Following news of his resignation, Benjamin's attorneys also released a statement on Tuesday, stating that their client is now focusing on “explaining in court why his actions were laudable, not criminal.”
In a Tuesday press conference announcing the indictment, U.S. Attorney Damian Williams called Benjamin’s actions a “simple story of corruption” involving “a quid pro quo” to gain campaign funds. The lieutenant governor was expected to appear in Manhattan federal court on Tuesday afternoon.
“In so doing, Benjamin abused his authority as a New York State senator, engaging in a bribery scheme using public funds for his own corrupt purposes,” the 23-page indictment unsealed Tuesday states. “Brian Benjamin… and others acting in his direction or on his behalf, also engaged in a series of lies and deceptions to cover up his scheme, including by falsifying campaign donor forms, misleading municipal regulators, and providing false information in vetting forms Benjamin submitted while under considering to be appointed the next Lieutenant Governor of New York State.”
The Tuesday arrest comes just after Hochel appointed Benjamin as her second-in-command in September—and throws the political aspirations of the duo into limbo ahead of this year’s election. It also comes after reports that federal prosecutors and the FBI were investigating whether Benjamin engaged in a campaign-fraud scheme.
New York FBI Director Michael Driscoll noted Tuesday that the probe into Benjamin “remains very much an ongoing investigation.”
The indictment, however, alleges that Benjamin was involved with the Harlem real-estate investor as early as 2017, when he was a state senator. In 2019, when Benjamin began planning a campaign for New York City comptroller, he allegedly began his scheme with the investor, according to the documents.
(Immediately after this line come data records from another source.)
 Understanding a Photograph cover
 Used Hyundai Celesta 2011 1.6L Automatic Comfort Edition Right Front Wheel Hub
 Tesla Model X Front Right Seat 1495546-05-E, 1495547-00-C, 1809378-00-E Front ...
Prosecutors allege that in one March 2019 meeting, the investor said he did not “have experience bundling political contributions” in the manner Benjamin wanted and that he intended to “further solicit contributions” for his organization.
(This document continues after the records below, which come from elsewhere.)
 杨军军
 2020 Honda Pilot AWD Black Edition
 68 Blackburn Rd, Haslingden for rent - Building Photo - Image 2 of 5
“Let me see what I can do,” Benjamin allegedly responded, according to the indictment.
That opportunity to help the investor came one month later, when the state senate’s majority leader informed Benjamin and his colleagues that they had been awarded “additional discretionary funding that each could allocate to organizations in their districts for specified purposes.”
“That additional funding included, among other things, up to $50,000 that Benjamin could allocate to school districts, libraries, or nonprofit organizations for educational purposes,” the indictment states.
Instead, prosecutors allege, Benjamin funneled the money to the Harlem real-estate investor and his organization. The day after the funds were approved in June 2019, Benjamin allegedly texted the investor a screenshot of the resolution that reflected the payment with the message: “Do you recognize the 3rd entity on the list.”
“We passed the resolution yesterday! $50k,” Benjamin allegedly wrote. “I will call to discuss!”
The grant resulted in multiple illegal campaign contributions to his unsuccessful campaign—including three checks totaling $25,000. The indictment also notes Benjamin took steps to cover up the scheme afterward. The indictment states that those steps included faking campaign donor forms, refusing to answer questions from regulators, and even falsifying information on forms he submitted in August 2021 to be considered for his current role.
The indictment states that in the executive appointment questionnaire, Benjamin stated he never “directly exercised [his] governmental authority (either as a legislator or executive official) concerning a matter of a donor [he] directly solicited.”